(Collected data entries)

━━━━━━━━

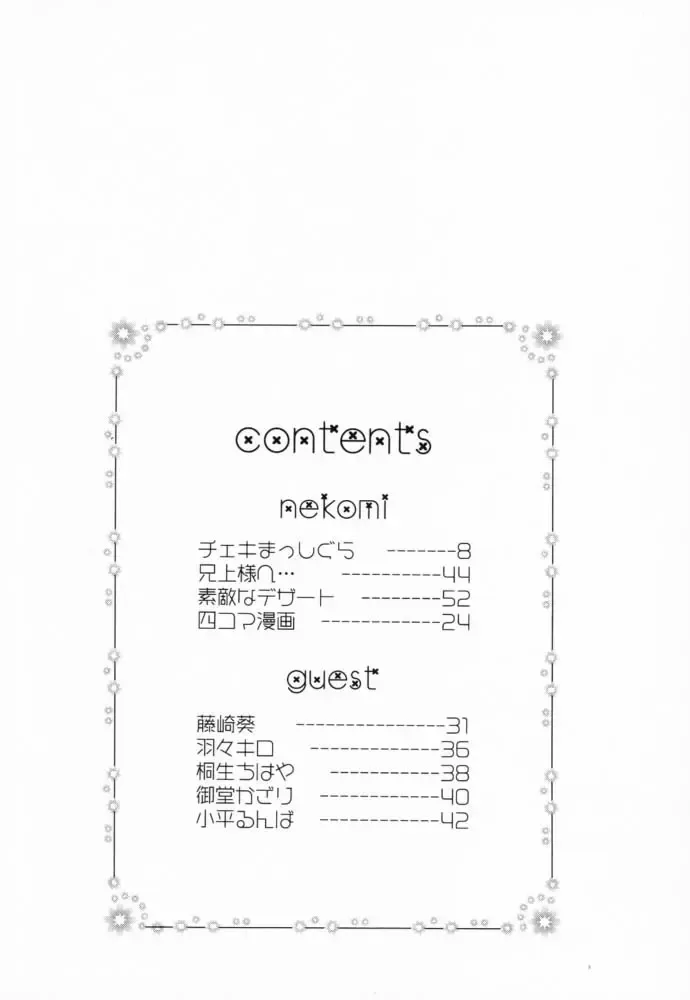 [Nekomi Haruto] JUICY FRUITS Fhentai - Page 5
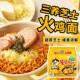 Samyang cheese turkey noodles with authentic cream imported from Korea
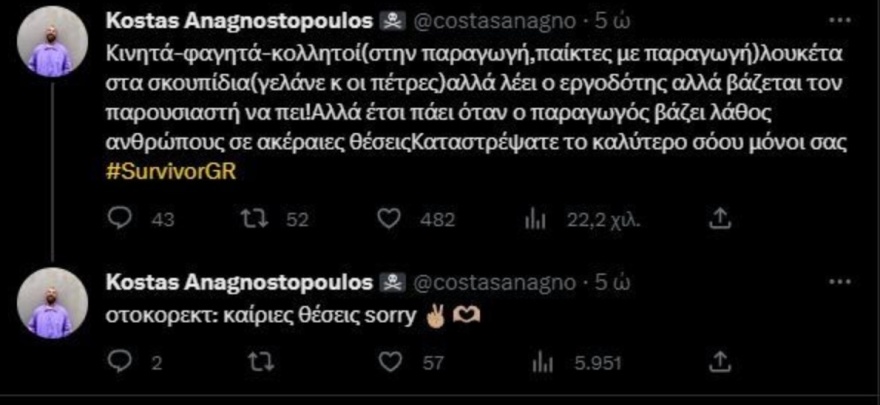 anagnostopoulos-kostas-3432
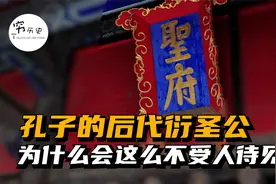 为什么孔子的后代衍圣公这么不受人待见？视频封面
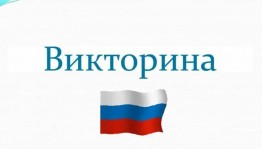 Викторина <<Флаг России>>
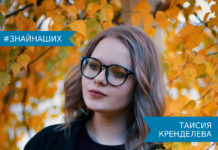 Таисия Кренделёва — фотограф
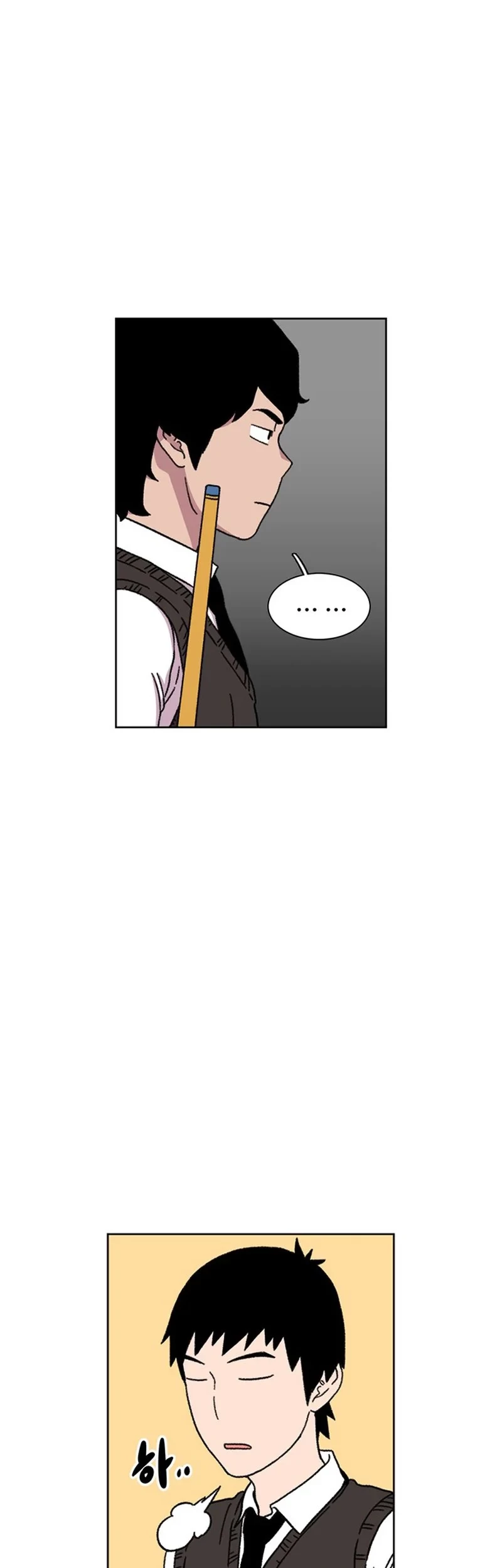 Star Ginseng Store Chapter 20 Gambar 59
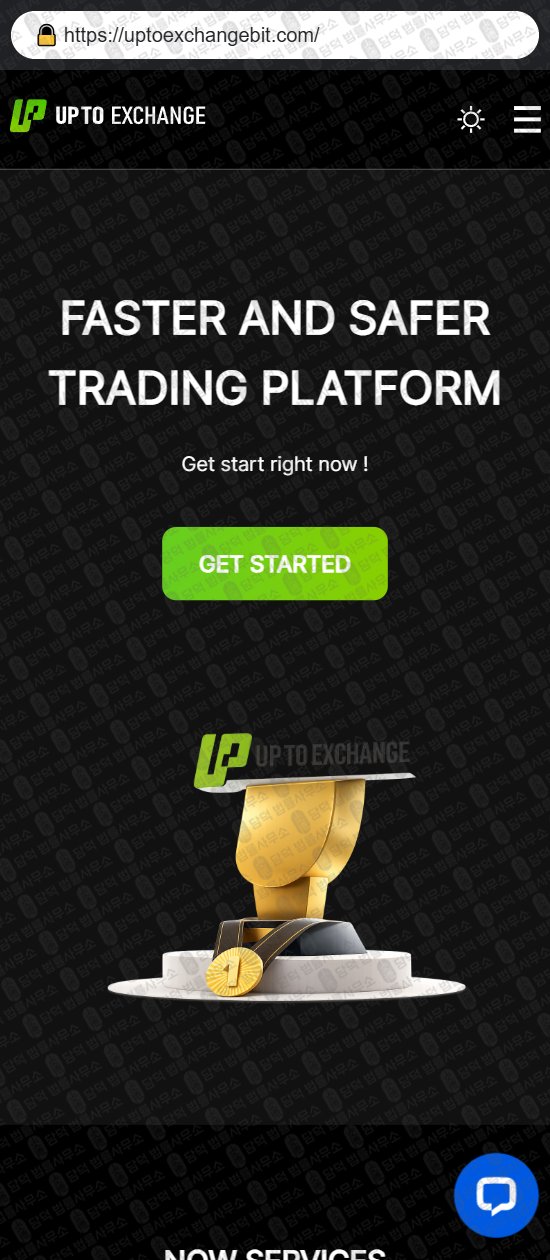 이 사진은 담덕법률사무소에서 캡쳐해둔 업투익스체인지(UPTO EXCHANGE) 웹사이트 캡쳐 사진이며 URL은 gouptobit.com 입니다.
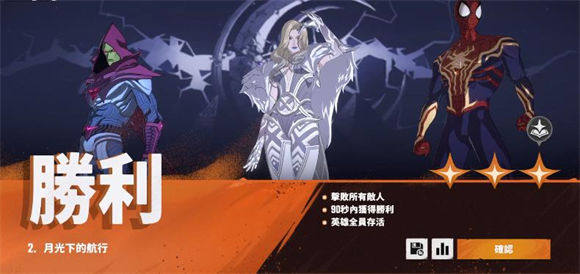 漫威秘法狂潮国际服(漫威:秘法狂潮(国际服)安装器) 漫威秘法狂潮国际服(漫威:秘法狂潮(国际服)安装器)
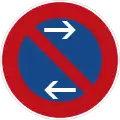 Sign 286-31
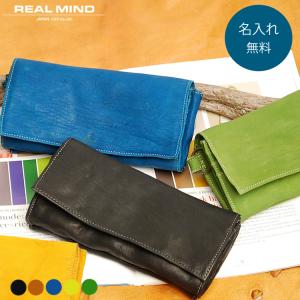 名入れ無料　REALMIND リアルマインド LILY　FORO フォロ 上質な 馬ヌメ革 馬革 のデザインウォレット 長財布 af0310c 本革 革 レザー レディース メンズ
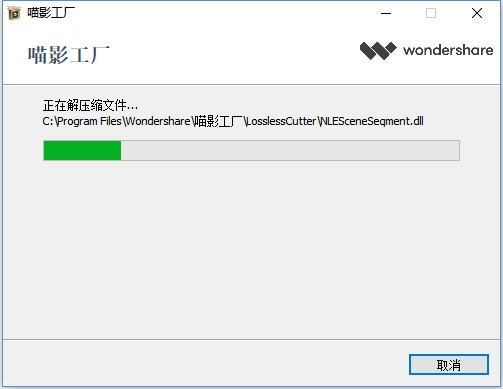 【喵影工厂破解版下载】喵影工厂破解版 v3.0.0.15 官方最新版插图18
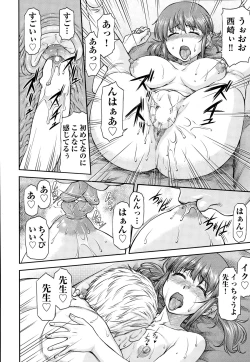 Page 251 of COMIC AUN 2014-12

━━━━━━━━

Please write out, word for word, each line from the one with "Star Ginseng Store Chapter 20 Gambar 59" to the last line of the data, keeping both ends and omitting pictures.

 Star Ginseng Store Chapter 20 Gambar 59
 이 사진은 담덕법률사무소에서 캡쳐해둔 업투익스체인지(UPTO EXCHANGE) 웹사이트 캡쳐 사진이며 URL은 gouptobit.com 입니다.
 漫威秘法狂潮国际服(漫威:秘法狂潮(国际服)安装器) 漫威秘法狂潮国际服(漫威:秘法狂潮(国际服)安装器)
 Sign 286-31
 名入れ無料　REALMIND リアルマインド LILY　FORO フォロ 上質な 馬ヌメ革 馬革 のデザインウォレット 長財布 af0310c 本革 革 レザー レディース メンズ
 【喵影工厂破解版下载】喵影工厂破解版 v3.0.0.15 官方最新版插图18
 Page 251 of COMIC AUN 2014-12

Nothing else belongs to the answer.